The Company has an employment agreement with Johan van Walsem, Vice President of Strategy and Commercial Development, expiring on August 17, 2011. The agreement will automatically renew from year to year unless either party gives written notice of non-renewal. Under his employment agreement Mr. van Walsem receives an initial base salary of $240,000 per year. The agreement provides that Mr. van Walsem is eligible to receive a performance bonus of up to 150% of his base salary, depending on the Compensation Committee's assessment of achievement of individual and Company goals, with a target of 70% of base salary if performance goals are met. Pursuant to the terms of the agreement with Mr. van Walsem, if the Company terminates Mr. van Walsem's employment without "cause" or if he terminates his employment for "good reason" (each, as defined in the agreement), in addition to any accrued obligations, and contingent on the executive's provision of a timely and complete release of claims against the Company, for the period of twelve months following the termination he will be entitled to continuation of his base salary and payment of COBRA premiums. If the Company terminates Mr. van Walsem's employment without cause or if the executive terminates his employment for "good reason" within the 12-month period immediately following, or the 6-month period immediately prior to, a "change of control" (as defined in the agreement), in addition to any accrued obligations and subject to certain conditions: (i) for a period of twelve months following the termination, the Company will continue Mr. van Walsem's base salary and payment of COBRA premiums, and (ii) all of Mr. van Walsem's stock options will be accelerated, subject to certain conditions. To the extent Mr. van Walsem would be subject to tax under Section 4999 of the Internal Revenue Code as a result of company payments and benefits, the payments and benefits will be reduced if the reduction would maximize his total after-tax payments.

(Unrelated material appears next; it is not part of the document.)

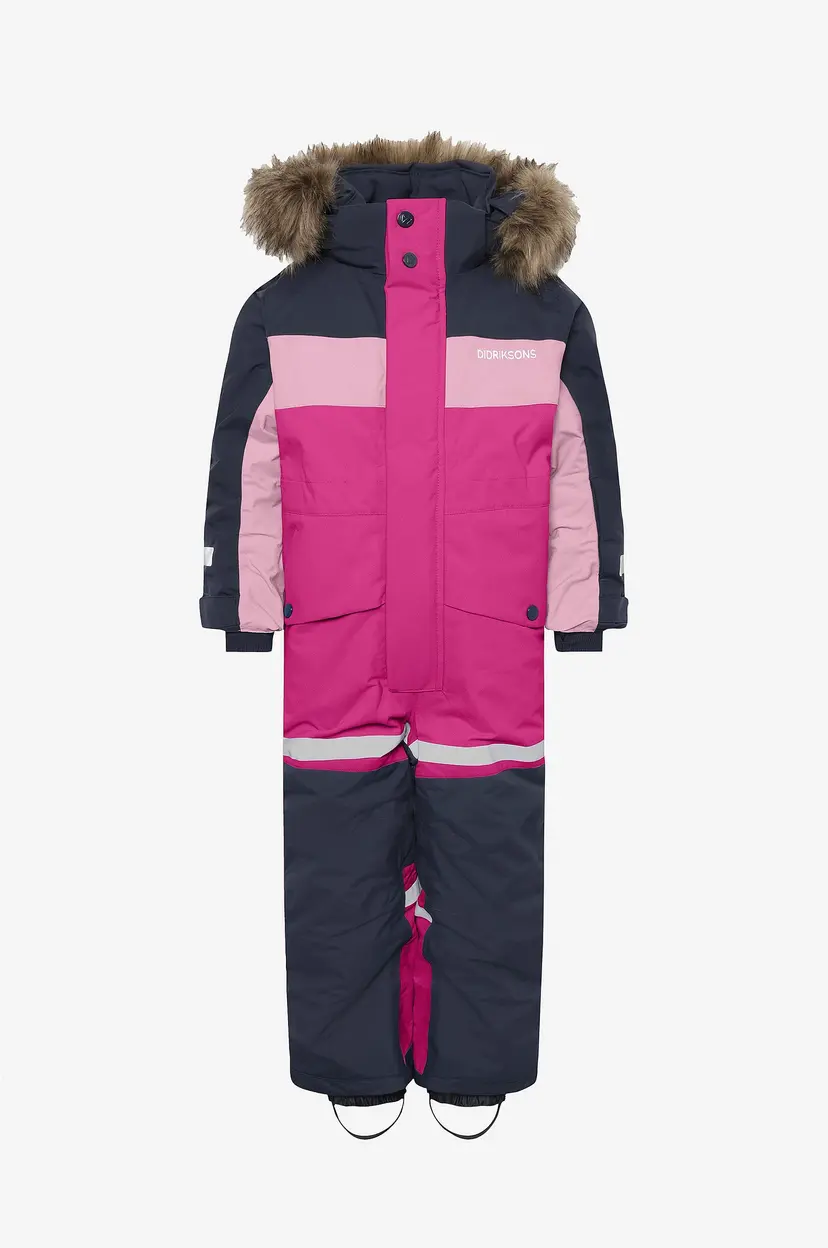 Didriksons Parkdress Bjärven Kids' Coverall - Rosa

The Company has an employment agreement with Robert E. Engle, General Manager, Telles, expiring on January 15, 2012. The agreement will automatically renew from year to year unless either party gives written notice of non-renewal. Under the agreement Mr. Engle receives an initial base salary of $240,000 per year. The agreement provides that Mr. Engle is eligible to receive a performance bonus of up to 120% of his base salary, depending on the Compensation Committee's assessment of achievement of individual and Company goals, with a target of 60% of base salary if performance goals are met. Pursuant to the terms of the agreement with Mr. Engle, if the Company terminates Mr. Engle's employment without "cause" or if he terminates his employment for "good reason" (each, as defined in the agreement), in addition to any accrued obligations, and contingent on the executive's provision of a timely and complete release of claims against the Company, for the period of twelve months following the termination he will be entitled to continuation of his base salary and payment of COBRA premiums. If the Company terminates Mr. Engle's employment without cause or if the executive terminates his employment for "good reason" within the 12-month period immediately following, or the 6-month period immediately prior to, a "change of control" (as defined in the agreement), in addition to any accrued obligations and subject to certain conditions: (i) for a period of twelve months following the termination, the Company will continue Mr. Engle's base salary and payment of COBRA premiums, and (ii) all of Mr. Engle's stock options will be accelerated, subject to certain conditions. To the extent Mr. Engle would be subject to tax under Section 4999 of the Internal Revenue Code as a result of company payments and benefits, the payments and benefits will be reduced if the reduction would maximize his total after-tax payments.
Each of our named executive officers has signed an employee noncompetition, nondisclosure and inventions agreement. These agreements include a provision prohibiting the executive, during his employment by us and for a period of two years thereafter, from engaging in certain business activities which are directly or indirectly in competition with the products or services being developed,
32
manufactured, marketed, distributed, planned, sold or otherwise provided by us or which are in any way directly or indirectly detrimental to our business.
Compensation of Directors
Under the Company's policy for compensation of non-employee Directors, each non-employee member of our Board of Directors receives an annual retainer of $30,000. In addition, the chairs of the Audit Committee, Compensation Committee and Nominating and Corporate Governance Committee are entitled to an additional annual retainer of $15,000, $10,000 and $10,000, respectively. Each non-employee Director serving as a member but not chair of our Audit Committee, Compensation Committee and Nominating and Corporate Governance Committee receives an annual retainer of $5,000.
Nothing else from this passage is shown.